_What the task requires:_
Word for word, restate the lines of the listing below from the line with "Great opportunity for" through the line with "Audi Q8, снимка", and do not include the pictures.

_Supplied information:_
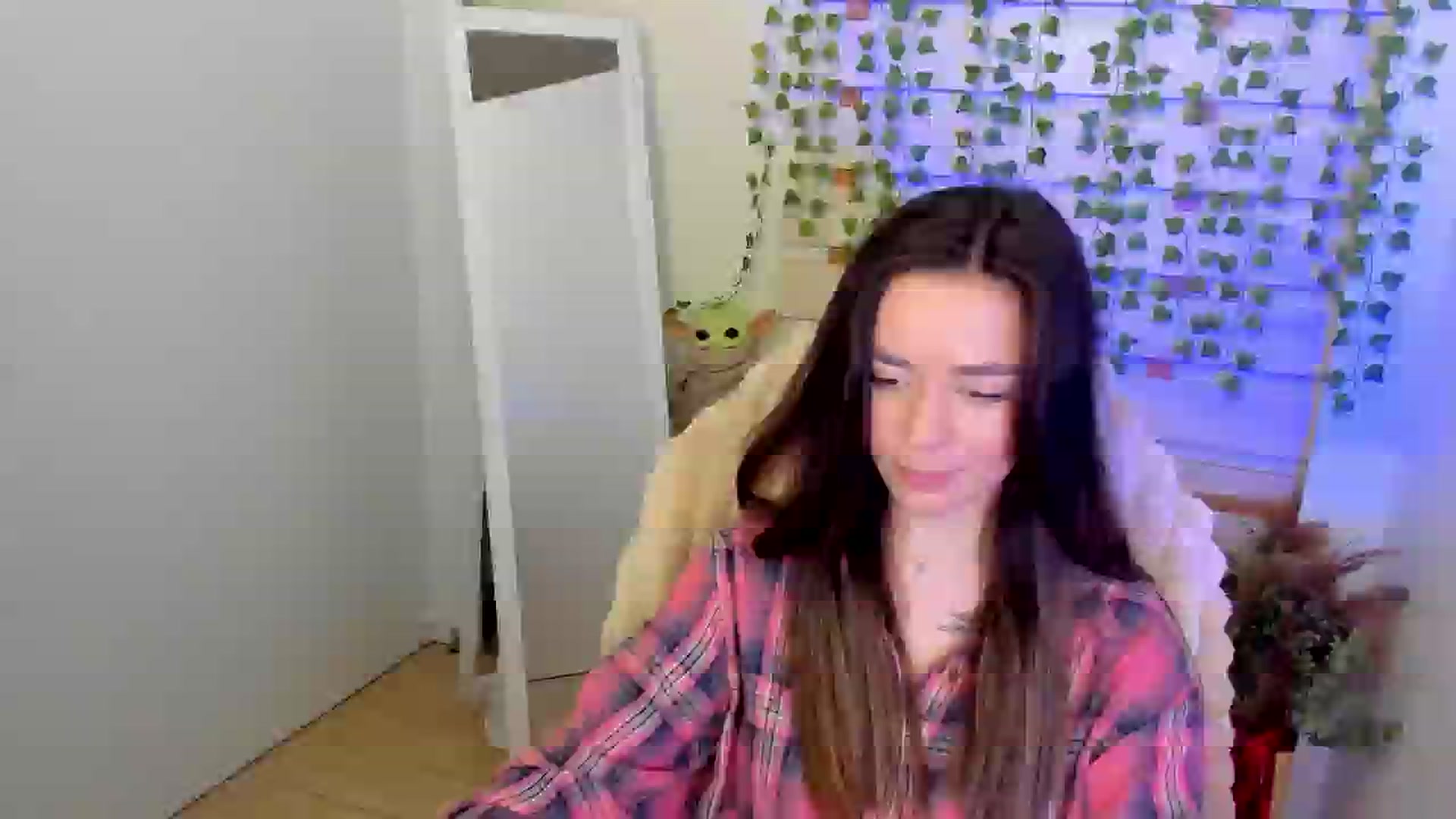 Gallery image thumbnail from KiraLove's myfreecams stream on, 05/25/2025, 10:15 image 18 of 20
* * *
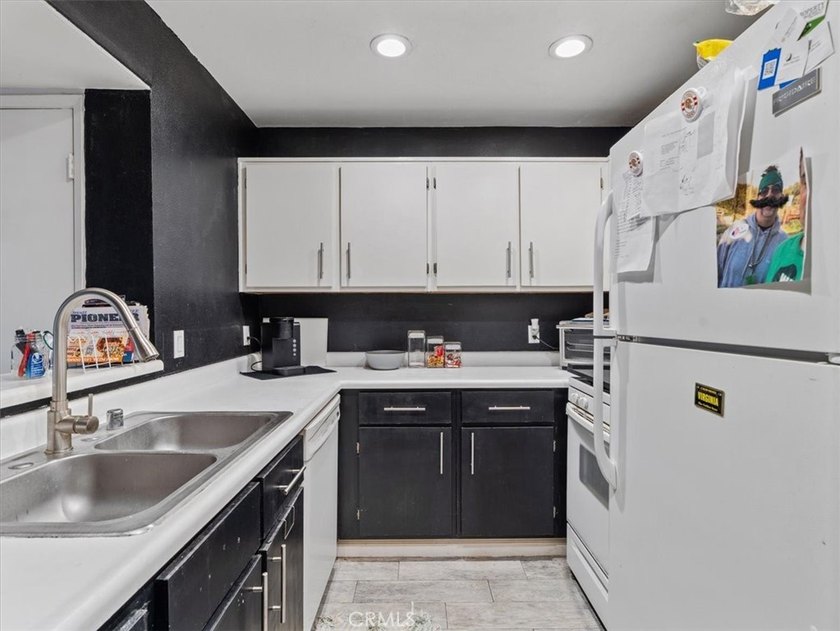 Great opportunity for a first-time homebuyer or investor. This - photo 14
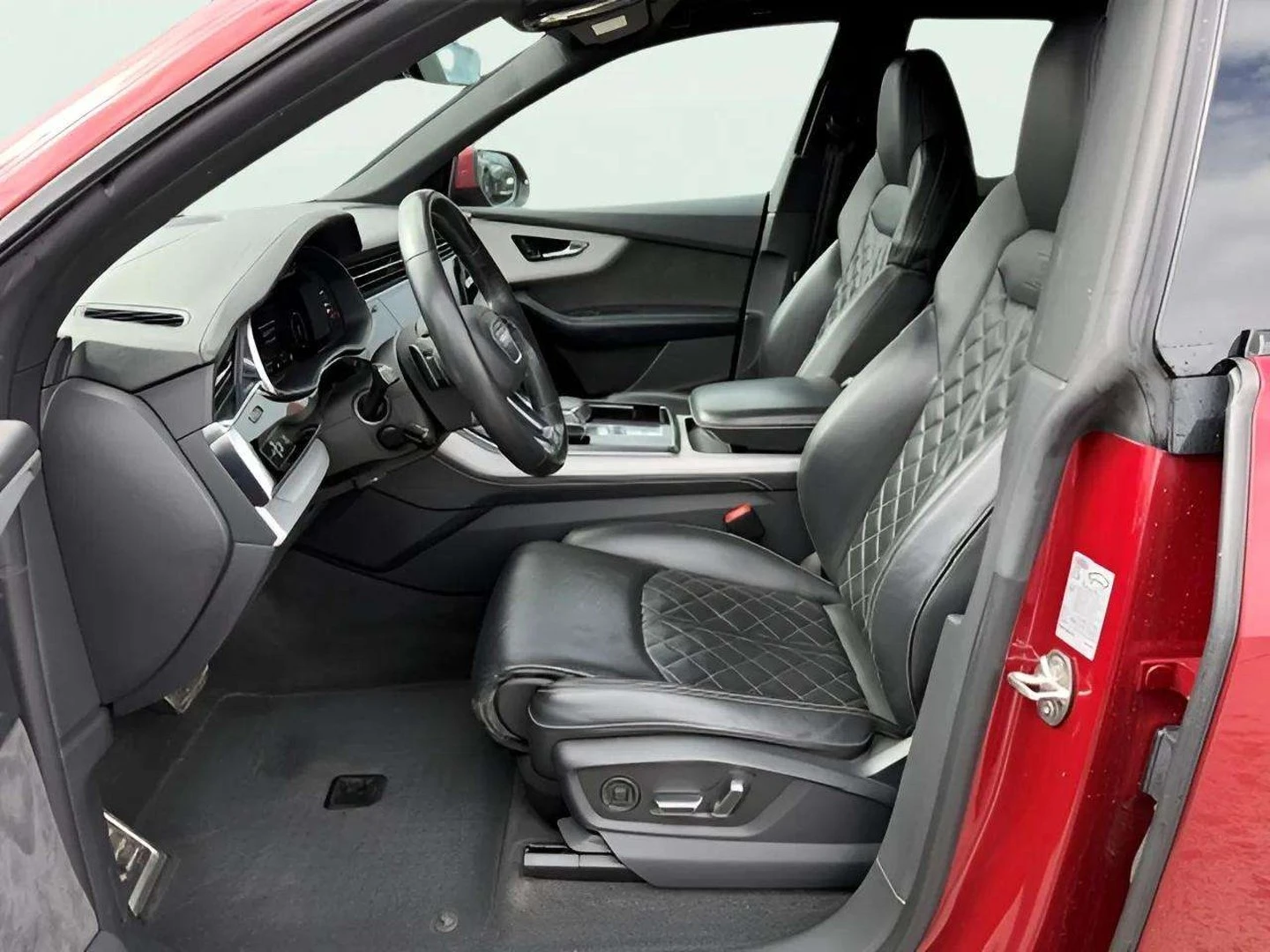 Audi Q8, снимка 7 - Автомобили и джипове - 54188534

_Written answer:_
 Great opportunity for a first-time homebuyer or investor. This - photo 14
 Audi Q8, снимка 7 - Автомобили и джипове - 54188534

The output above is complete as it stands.